Sie befürworten andere „Lösungen zur Unterstützung der Entwicklung der Region“?Durch eine voluntaristische Entwicklungspolitik kann der Beitrag des Staates auch mehrere Formen annehmen: Steuererleichterungen, Regelung der Frage der Bodensysteme und über den Investitionsfonds hinaus die Schaffung einer Entwicklungsbank für die Oriental nach dem Vorbild derer in einigen Regionen der Welt, die ihren wirtschaftlichen Rückstand aufgeholt haben. Das Beispiel des italienischen Südens, des Mezzogiorno, ist in dieser Hinsicht lehrreich angesichts der Projekte, die dank der Cassa per il Mezzogiorno realisiert wurden, einer halbstaatlichen Organisation, die 1950 gegründet wurde und dazu bestimmt war, finanzielle und technische Hilfe für die Entwicklung des Südens zu leisten.

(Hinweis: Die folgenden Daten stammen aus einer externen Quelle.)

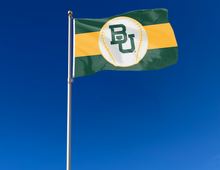 Load image into Gallery viewer, Green and Gold 3 panel 3x5 foot wide Baylor University Baseball Flag with two metal grommets attached to flagpole waving in the wind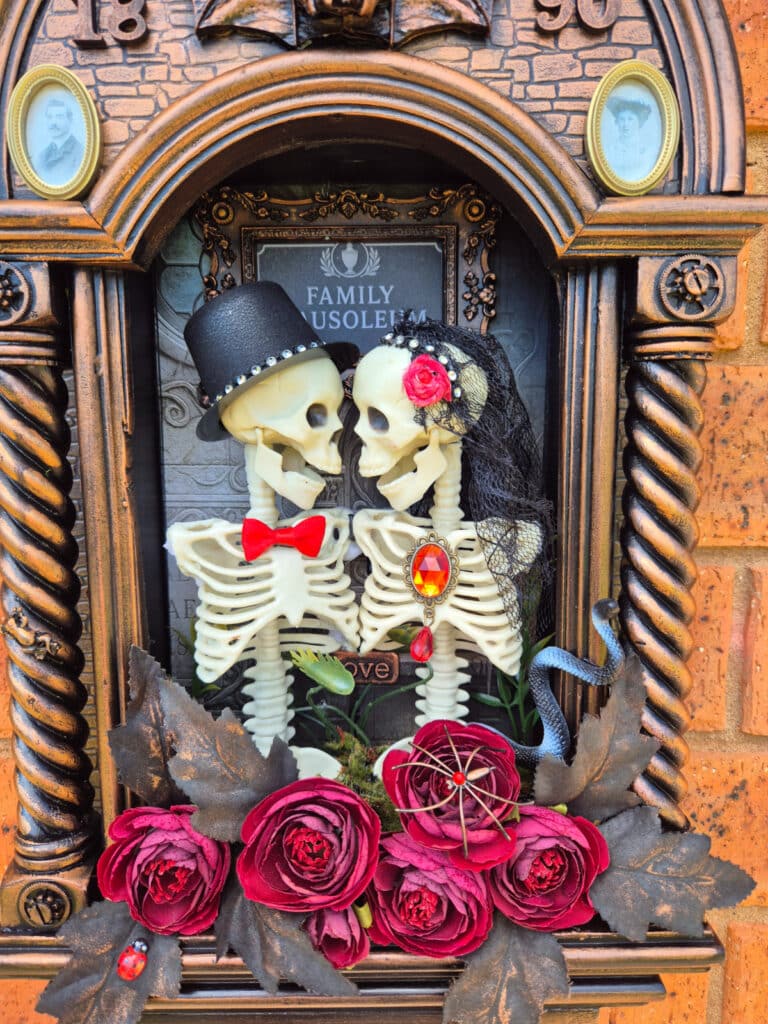 up close view of red flowers in mausoleum 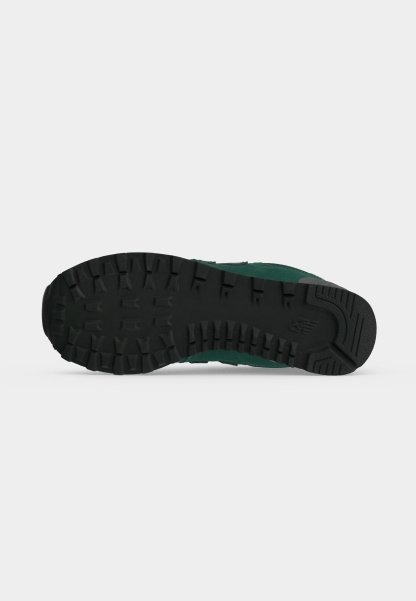 Suela de goma negra de una zapatilla verde que muestra tacos profundos para tracción y el logo de New Balance cerca del talón.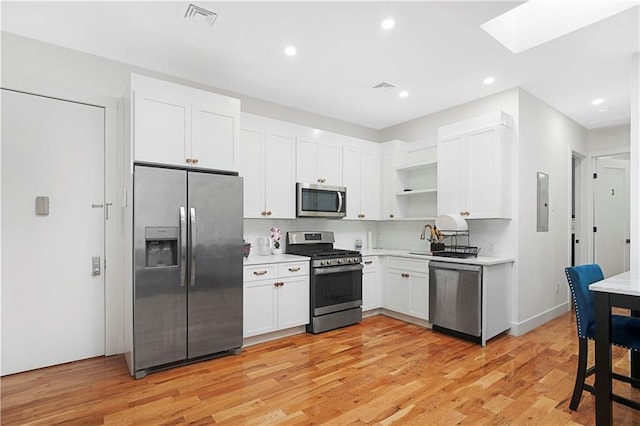 kitchen featuring appliances with stainless steel finishes, a skylight, white cabinetry, sink, and light hardwood / wood-style flooring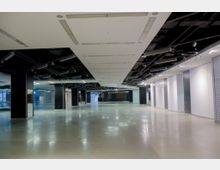 Großer, leerer Innenraum mit poliertem Boden, schwarzen Säulen und einer weißen abgehängten Decke mit sichtbaren schwarzen Lüftungselementen. Der Raum hat helle Wände und ist von Deckenleuchten gleichmäßig ausgeleuchtet.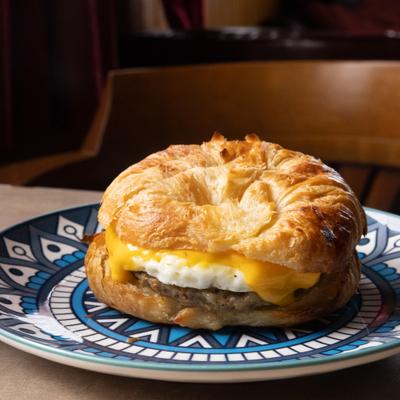 Breakfast croissant sandwich with sausage patty, egg and cheese.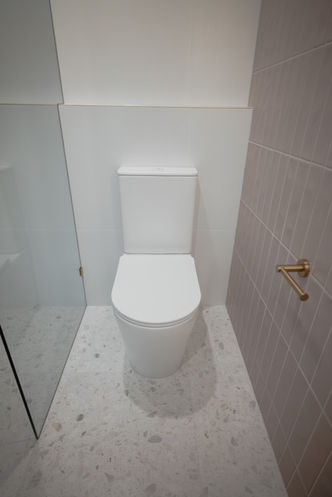 Luxury bathroom flooring featuring marshmallow terrazzo tiles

Sie erwähnen in Ihren Schriften die Schäden durch die Wiederholung des Zyklus von Grenzöffnung und -schließung. Was meinen Sie damit?Die vielfältigen Funktionen von Oujda haben es ihr ermöglicht, ein weites Gebiet zu polarisieren, obwohl ihr Einflussbereich im Osten durch den Verlauf der marokkanisch-algerischen Grenze beschnitten ist. Seit den sechziger Jahren erlebt Oujda die Wiederholung des Zyklus von Grenzschließung und -öffnung, deren Auswirkungen sie spürt. Aufgrund der politischen Unwägbarkeiten in den bilateralen Beziehungen ist die Hauptform des Austauschs, die zwischen Algerien und Marokko besteht, der Schmuggel, der zu einer Komponente der städtischen und regionalen Wirtschaft geworden ist. Die Einnahmen aus dem großen Schmuggel, der jährlich einen Umsatz von mehreren Milliarden Dirham erzielt, dienten auf beiden Seiten, ähnlich wie die Geldwäsche aus dem Drogenhandel, dazu, Vermögen aufzubauen. Da die marokkanisch-algerische Grenze nicht hermetisch ist, wird sie lokal vom algerischen Territorium aus von Staatsangehörigen aus Subsahara-Afrika verschiedener Nationalitäten (Malier, Nigrer, Senegalesen, Guineer, Burkinabé...) in der Hoffnung überschritten, nach Melilla zu gelangen und sich illegal nach Spanien einzuschiffen. In den letzten Jahren tendiert die marokkanische Oriental, die ursprünglich ein Durchgangsraum zum „europäischen Eldorado“ war, dazu, eine Fixierungszone für die „Harraga“, illegale Einwanderer, zu werden.
Die Integration der marokkanischen Diaspora aus der Oriental in die regionale Entwicklung
Die Oriental, ein Gebiet von 82.320 km², das in der nordöstlichen Verlängerung des Königreichs liegt, mit einer Bevölkerung von fast 2 Millionen Einwohnern, war aufgrund ihrer Geschichte und Geografie schon immer eine Zone wirtschaftlicher und sozialer Ströme, die für ihr internationales Umfeld offen ist. Mit ihren zwei Fenstern, eines nach Osten in Richtung Algerien, dem Rest des Maghreb und in der Erweiterung in Richtung Subsahara-Afrika, das zweite zum Mittelmeerraum.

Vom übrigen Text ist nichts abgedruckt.